Ich bin ihr Enkel would be "I am her grandson".

And Ich bin ihre Enkel would be "I am her grandsons" or possibly "I am her grandchildren" -- since Enkel is grammatically masculine, the -e ending on ihre must indicate that the noun Enkel is plural here. (The word has the same shape in the plural as in the singular.)


Enkel = Grandson/Grandchild Enkelin = Granddaughter Enkelsohn = Grandson I hope it helps.


"Enkel" reaaaaally sounds like "Enkeln" in a lot of questions from this section.


This is so weird for me, because 'enkel' means 'ankle' in Dutch


then don't ask how the Dutch word for "vermieten" sounds in German ;-)


One I like is Ik heb een boek gekocht. Yummy!


Why not seine Enkel


Because that would mean "his grandsons" or "his grandchildren" rather than just one grandson.


why is enkelin granddaughter instead of enkeltochter


Both Enkelin and Enkeltochter are used for "granddaughter".
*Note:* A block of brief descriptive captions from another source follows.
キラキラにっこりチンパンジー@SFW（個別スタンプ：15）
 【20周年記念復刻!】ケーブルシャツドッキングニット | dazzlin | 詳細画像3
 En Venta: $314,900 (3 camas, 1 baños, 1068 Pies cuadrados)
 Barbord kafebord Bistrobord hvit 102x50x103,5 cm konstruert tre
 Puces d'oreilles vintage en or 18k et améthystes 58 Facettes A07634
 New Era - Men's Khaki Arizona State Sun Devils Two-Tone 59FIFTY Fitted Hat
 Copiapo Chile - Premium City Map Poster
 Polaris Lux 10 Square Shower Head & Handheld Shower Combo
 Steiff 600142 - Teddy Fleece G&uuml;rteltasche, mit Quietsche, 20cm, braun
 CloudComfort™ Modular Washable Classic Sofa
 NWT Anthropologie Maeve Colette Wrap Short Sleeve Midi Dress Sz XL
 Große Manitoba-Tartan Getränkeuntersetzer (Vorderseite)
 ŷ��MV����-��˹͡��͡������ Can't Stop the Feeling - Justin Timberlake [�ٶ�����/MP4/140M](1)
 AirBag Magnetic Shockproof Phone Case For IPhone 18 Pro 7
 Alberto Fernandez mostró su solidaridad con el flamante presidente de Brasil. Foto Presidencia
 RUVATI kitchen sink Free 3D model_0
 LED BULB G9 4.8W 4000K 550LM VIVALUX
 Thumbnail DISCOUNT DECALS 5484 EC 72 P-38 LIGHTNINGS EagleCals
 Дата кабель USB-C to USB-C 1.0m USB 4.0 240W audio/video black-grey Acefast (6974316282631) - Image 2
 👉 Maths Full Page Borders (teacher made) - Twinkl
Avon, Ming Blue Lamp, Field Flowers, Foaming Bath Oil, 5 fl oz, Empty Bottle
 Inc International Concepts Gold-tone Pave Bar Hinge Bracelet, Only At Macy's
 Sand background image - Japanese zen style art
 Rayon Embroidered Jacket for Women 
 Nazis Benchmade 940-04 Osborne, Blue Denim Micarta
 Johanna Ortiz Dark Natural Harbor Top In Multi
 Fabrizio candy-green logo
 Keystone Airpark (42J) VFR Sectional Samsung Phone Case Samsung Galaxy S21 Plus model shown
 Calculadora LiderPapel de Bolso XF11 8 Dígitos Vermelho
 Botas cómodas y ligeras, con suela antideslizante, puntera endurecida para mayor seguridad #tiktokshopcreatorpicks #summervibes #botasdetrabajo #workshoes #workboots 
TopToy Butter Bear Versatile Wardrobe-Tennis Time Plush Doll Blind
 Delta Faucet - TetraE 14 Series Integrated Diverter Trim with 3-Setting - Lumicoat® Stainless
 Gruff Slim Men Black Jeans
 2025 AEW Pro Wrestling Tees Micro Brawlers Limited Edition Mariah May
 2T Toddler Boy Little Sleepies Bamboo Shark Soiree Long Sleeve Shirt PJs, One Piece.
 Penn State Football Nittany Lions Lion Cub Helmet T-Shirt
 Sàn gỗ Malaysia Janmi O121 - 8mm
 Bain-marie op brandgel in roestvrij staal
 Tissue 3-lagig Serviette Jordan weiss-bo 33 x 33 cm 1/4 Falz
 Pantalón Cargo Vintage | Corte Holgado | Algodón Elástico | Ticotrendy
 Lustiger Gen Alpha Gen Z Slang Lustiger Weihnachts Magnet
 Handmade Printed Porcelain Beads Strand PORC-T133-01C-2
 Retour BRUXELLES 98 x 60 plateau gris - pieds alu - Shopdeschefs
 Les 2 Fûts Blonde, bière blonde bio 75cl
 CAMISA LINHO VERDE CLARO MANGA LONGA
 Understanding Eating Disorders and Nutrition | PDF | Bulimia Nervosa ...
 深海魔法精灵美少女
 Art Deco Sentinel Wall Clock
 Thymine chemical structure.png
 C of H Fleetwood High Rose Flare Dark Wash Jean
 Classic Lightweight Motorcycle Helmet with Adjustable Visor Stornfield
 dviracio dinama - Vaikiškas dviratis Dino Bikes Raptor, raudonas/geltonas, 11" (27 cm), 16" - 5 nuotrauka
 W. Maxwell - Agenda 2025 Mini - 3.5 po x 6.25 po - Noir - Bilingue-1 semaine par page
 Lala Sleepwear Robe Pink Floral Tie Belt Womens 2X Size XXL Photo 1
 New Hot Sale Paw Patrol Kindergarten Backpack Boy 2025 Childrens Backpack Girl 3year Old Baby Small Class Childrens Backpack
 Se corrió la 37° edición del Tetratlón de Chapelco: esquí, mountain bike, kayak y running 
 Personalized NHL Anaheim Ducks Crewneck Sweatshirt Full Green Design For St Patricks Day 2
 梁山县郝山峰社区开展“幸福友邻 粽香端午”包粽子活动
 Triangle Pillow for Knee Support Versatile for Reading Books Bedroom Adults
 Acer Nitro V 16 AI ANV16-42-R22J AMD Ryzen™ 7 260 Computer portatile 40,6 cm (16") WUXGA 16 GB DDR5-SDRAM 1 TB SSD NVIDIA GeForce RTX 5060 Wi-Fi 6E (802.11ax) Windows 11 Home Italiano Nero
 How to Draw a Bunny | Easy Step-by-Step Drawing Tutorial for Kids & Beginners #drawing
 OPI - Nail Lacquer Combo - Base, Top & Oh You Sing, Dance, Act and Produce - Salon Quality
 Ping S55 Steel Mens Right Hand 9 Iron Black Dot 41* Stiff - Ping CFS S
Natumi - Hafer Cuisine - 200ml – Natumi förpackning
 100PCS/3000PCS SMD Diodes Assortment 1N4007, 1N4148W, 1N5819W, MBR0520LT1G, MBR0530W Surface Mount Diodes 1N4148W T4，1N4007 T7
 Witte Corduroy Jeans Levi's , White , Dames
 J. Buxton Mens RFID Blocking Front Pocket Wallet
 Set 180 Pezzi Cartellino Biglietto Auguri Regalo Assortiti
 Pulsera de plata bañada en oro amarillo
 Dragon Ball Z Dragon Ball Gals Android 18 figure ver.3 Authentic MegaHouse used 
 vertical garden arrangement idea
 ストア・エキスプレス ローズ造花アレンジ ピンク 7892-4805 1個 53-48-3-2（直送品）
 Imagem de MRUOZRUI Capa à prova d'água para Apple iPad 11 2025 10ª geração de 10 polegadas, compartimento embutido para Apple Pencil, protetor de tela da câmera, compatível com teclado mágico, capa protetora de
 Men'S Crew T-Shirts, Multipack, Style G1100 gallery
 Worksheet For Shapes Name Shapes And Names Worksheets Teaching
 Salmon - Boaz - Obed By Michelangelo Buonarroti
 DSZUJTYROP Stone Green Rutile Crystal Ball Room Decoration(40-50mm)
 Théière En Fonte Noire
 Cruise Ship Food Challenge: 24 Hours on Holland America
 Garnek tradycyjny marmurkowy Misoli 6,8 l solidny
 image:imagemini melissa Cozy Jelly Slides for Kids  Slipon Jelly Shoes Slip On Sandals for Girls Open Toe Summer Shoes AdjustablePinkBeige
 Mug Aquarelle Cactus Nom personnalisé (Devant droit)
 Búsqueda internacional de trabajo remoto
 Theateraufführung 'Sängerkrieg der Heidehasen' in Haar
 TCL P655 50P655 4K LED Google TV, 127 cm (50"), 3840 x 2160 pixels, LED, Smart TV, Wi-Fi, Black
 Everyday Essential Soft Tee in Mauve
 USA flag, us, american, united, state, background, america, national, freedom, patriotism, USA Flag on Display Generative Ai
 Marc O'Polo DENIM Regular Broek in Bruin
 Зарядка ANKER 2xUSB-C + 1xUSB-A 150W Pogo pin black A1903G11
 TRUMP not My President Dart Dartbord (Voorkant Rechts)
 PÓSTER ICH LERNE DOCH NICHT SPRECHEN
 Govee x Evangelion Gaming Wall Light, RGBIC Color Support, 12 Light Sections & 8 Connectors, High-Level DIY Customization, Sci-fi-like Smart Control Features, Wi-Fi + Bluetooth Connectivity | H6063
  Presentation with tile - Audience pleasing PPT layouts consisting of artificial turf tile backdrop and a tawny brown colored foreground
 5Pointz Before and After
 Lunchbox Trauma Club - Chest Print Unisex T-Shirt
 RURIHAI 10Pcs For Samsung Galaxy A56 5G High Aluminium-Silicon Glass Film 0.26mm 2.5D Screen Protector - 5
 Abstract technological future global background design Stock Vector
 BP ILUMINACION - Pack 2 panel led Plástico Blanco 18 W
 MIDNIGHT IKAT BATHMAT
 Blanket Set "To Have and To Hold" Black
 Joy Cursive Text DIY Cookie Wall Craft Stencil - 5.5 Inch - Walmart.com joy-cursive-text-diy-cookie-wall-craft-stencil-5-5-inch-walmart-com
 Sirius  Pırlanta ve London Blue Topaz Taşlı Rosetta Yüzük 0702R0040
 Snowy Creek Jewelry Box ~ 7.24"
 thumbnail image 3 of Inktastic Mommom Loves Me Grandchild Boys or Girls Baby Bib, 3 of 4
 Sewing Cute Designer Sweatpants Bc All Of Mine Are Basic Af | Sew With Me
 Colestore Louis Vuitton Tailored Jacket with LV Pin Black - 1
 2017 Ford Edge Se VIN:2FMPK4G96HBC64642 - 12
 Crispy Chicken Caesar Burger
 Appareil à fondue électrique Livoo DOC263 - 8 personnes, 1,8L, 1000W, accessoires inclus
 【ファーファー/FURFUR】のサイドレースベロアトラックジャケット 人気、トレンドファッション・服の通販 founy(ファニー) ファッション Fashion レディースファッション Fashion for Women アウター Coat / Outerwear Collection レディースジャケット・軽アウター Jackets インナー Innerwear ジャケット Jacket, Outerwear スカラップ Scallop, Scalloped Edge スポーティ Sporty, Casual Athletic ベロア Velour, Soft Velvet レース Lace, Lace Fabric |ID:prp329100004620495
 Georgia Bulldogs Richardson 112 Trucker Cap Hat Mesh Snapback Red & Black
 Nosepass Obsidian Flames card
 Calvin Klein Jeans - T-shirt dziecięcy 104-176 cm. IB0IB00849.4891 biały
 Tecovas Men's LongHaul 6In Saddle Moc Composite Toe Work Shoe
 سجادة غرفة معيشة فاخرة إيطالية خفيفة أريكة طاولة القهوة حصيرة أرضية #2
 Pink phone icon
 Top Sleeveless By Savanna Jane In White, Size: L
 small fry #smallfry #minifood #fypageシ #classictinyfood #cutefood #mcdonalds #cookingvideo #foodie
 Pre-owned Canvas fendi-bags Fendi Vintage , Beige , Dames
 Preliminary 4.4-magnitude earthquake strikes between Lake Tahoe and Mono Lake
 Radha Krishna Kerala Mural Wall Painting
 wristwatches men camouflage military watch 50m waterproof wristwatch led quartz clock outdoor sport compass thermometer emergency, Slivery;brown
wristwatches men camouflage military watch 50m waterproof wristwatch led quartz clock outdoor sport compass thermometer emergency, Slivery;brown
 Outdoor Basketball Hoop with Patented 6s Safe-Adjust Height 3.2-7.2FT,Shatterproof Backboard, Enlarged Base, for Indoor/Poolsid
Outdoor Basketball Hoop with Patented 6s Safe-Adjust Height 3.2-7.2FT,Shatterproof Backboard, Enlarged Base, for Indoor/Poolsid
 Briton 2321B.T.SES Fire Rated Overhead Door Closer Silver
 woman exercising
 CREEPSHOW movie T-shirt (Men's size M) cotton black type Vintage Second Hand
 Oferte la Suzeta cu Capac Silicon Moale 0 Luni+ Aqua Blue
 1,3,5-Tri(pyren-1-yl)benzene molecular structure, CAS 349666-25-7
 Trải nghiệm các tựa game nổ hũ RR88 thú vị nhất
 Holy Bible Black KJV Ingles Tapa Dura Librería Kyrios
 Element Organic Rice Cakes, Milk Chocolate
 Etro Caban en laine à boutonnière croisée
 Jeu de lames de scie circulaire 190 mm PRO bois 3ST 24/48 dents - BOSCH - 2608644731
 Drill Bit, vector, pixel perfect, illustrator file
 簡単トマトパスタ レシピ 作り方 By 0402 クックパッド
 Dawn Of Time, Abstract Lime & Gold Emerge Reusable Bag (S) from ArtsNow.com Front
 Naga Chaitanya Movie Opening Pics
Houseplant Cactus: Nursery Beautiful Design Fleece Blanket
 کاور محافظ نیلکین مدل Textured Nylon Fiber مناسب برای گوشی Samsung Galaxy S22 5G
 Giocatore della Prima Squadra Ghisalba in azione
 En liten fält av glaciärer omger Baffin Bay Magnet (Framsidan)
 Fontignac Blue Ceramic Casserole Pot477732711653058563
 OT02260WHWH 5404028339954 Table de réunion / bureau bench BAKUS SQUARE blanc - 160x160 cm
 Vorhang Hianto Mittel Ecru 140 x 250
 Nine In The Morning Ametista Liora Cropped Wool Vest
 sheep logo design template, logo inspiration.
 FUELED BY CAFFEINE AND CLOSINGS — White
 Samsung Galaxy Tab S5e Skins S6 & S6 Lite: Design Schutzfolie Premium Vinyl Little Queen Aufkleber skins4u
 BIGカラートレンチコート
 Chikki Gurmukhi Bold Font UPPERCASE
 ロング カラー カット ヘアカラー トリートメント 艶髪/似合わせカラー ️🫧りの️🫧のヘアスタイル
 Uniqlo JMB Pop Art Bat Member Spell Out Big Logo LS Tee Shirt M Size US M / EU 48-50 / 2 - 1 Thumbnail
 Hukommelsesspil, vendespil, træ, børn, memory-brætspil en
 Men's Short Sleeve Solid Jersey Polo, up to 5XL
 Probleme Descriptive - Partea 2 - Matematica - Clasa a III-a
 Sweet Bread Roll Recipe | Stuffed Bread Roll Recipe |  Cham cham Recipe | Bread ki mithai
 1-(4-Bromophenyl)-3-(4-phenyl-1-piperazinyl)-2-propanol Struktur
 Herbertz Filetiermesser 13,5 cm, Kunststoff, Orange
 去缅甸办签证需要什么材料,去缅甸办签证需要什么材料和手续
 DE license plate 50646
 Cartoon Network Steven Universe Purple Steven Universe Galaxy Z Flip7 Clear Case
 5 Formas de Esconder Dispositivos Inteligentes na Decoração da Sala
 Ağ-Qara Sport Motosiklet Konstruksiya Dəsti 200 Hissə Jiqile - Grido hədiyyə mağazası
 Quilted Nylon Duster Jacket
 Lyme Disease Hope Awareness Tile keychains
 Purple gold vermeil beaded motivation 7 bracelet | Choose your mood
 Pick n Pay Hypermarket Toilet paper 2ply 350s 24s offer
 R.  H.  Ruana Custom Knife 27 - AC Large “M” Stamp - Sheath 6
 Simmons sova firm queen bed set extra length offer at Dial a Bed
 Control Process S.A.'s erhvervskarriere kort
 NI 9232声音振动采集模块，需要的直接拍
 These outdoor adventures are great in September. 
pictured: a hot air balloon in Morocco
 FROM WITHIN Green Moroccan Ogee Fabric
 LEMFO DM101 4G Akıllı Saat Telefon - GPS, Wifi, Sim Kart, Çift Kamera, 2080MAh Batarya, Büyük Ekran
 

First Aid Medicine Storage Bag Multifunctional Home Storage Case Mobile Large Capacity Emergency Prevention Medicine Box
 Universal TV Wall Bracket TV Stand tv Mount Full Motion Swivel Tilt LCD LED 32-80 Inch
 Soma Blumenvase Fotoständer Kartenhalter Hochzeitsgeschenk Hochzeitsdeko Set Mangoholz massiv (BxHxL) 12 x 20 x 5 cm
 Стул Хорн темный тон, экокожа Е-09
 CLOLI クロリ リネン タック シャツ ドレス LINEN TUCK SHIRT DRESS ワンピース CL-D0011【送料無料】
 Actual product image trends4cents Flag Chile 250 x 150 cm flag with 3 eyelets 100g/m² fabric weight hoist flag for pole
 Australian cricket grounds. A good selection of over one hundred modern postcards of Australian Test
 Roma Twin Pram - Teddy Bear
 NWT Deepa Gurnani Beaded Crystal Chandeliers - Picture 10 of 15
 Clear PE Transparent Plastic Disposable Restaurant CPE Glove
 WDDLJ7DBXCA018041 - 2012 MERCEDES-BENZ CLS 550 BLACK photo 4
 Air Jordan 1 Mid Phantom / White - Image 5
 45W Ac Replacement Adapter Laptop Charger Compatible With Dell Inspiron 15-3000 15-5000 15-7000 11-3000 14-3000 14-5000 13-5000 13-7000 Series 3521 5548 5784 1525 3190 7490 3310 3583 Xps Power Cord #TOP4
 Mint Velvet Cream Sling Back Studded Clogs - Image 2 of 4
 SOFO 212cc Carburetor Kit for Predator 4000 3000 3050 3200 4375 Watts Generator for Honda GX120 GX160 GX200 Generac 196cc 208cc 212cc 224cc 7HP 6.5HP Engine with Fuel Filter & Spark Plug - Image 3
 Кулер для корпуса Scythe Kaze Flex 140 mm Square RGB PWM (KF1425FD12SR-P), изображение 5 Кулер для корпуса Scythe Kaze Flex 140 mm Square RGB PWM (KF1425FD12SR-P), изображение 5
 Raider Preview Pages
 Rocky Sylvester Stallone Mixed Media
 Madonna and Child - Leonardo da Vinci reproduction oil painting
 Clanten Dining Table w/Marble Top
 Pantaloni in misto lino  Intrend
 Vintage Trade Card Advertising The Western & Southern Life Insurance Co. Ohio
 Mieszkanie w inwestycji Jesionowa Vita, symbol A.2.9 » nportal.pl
They both have to be capitalised, though -- they're nouns.


Perhaps is there any difference in pronunciation between plural Enkel and singular Enkel? the woman TTS and man TTS speak it in very different way, so I'm confused.


No. They are (supposed to be) pronounced completely identically.


It does not sound anything like the translation, this needs to be evaluated and corrected


Ich bin sein enkel. How do I know who the enkel is referring to Großmutter or Großvater. To deduct which of the two possessive adjectives I need to use.


Ich bin sein enkel. How do I know who the enkel is referring to Großmutter or Großvater.

sein is the possessive determiner related to er or es.

So it can only refer to the masculine Großvater, not to the feminine Großmutter.

sein Enkel = his grandchild/grandson

"her grandchild/grandson" would be ihr Enkel.


I wrote : "I´m his grandchildren."

Correct solution: I am his grandson.


I wrote : "I´m his grandchildren."

But why? One person cannot be many grandchildren.

Also, the German sein indicates that the following noun is singular.


Could anyone explain why it's just "sein" and not "seinen" please?


Could anyone explain why it's just "sein" and not "seinen" please?

You need the nominative case on both sides of the verb sein "to be" -- thus Ich (nominative) bin sein Enkel (nominative).

seinen would be masculine accusative -- wrong case.